Exercise prompt » Return exactly the lines of the data below, from the one that contains "Building Photo - Plaza" through the final line, and leave out every picture.

Given data »
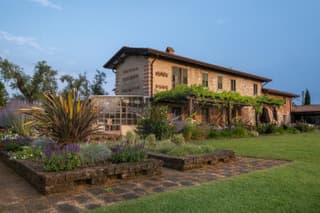 Olimagio Farm Stay with animals, 25m pool, beach at cycling distance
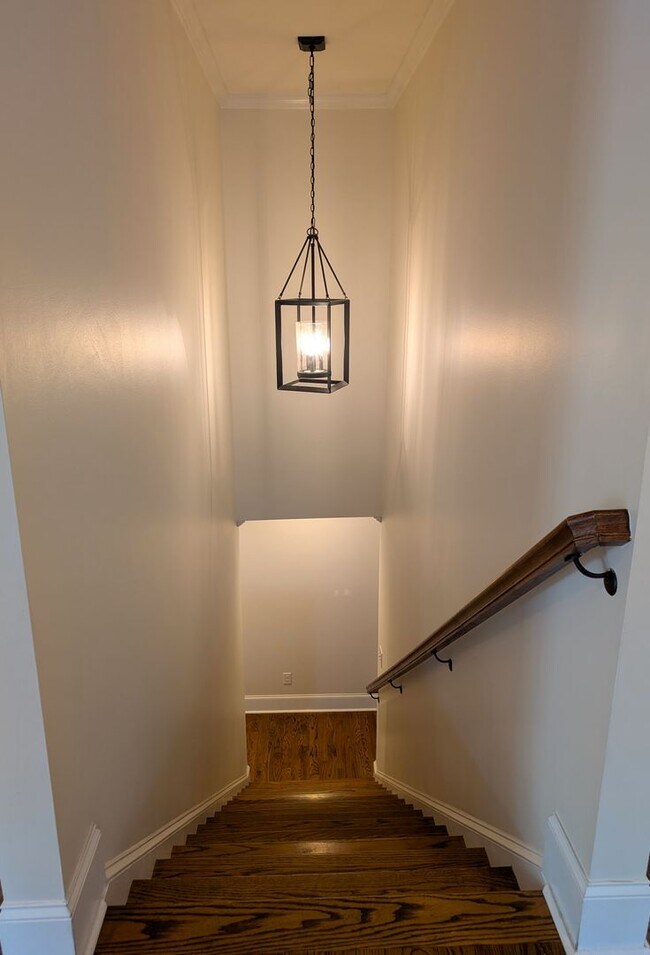 Building Photo - Plaza Midwood, Luxury 4 Bedroom/4 Bathroom Home!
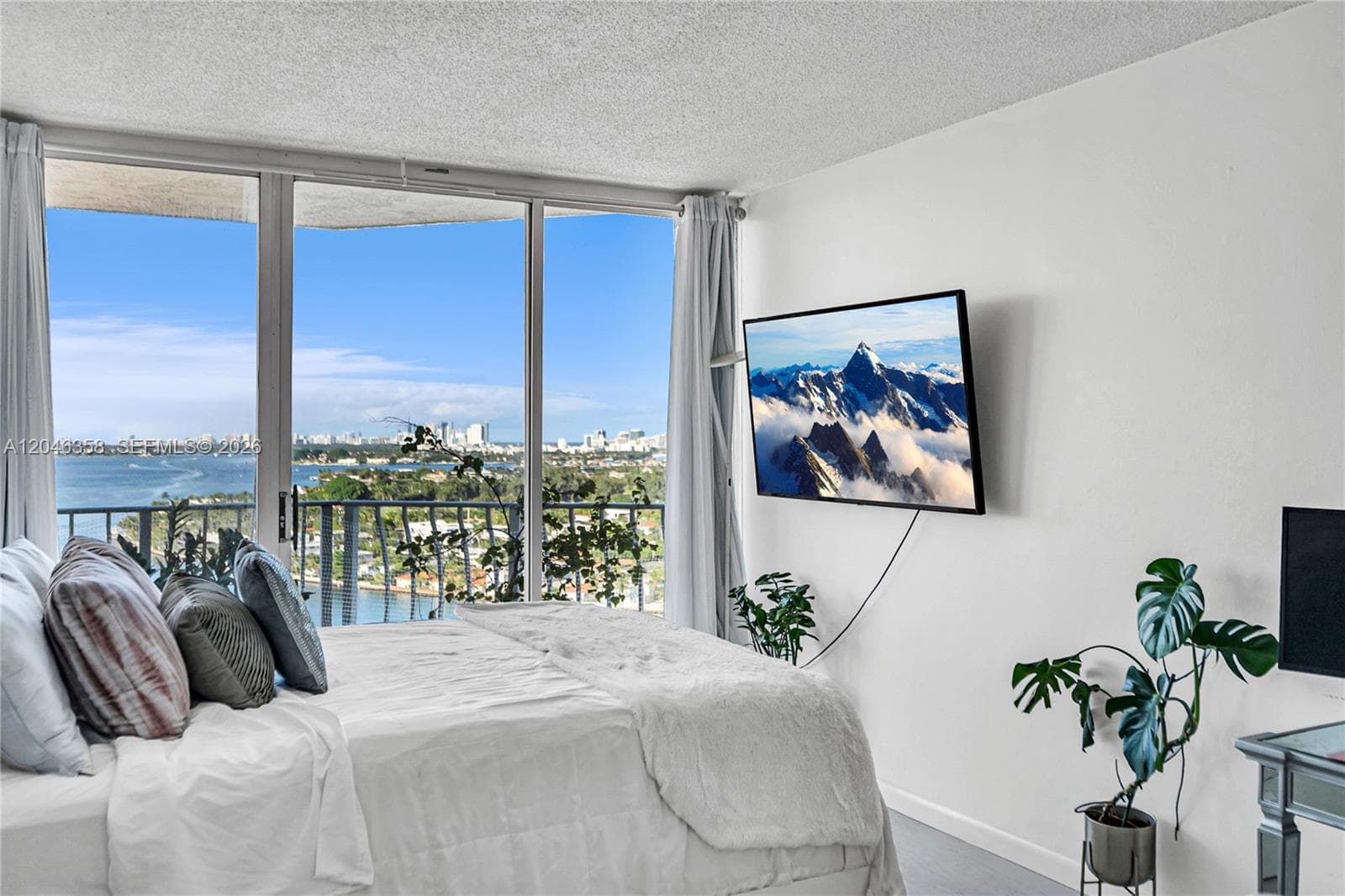 7601 E Treasure Dr # 2412, North Bay Village FL 33141 photo 3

Your response »
 Building Photo - Plaza Midwood, Luxury 4 Bedroom/4 Bathroom Home!
 7601 E Treasure Dr # 2412, North Bay Village FL 33141 photo 3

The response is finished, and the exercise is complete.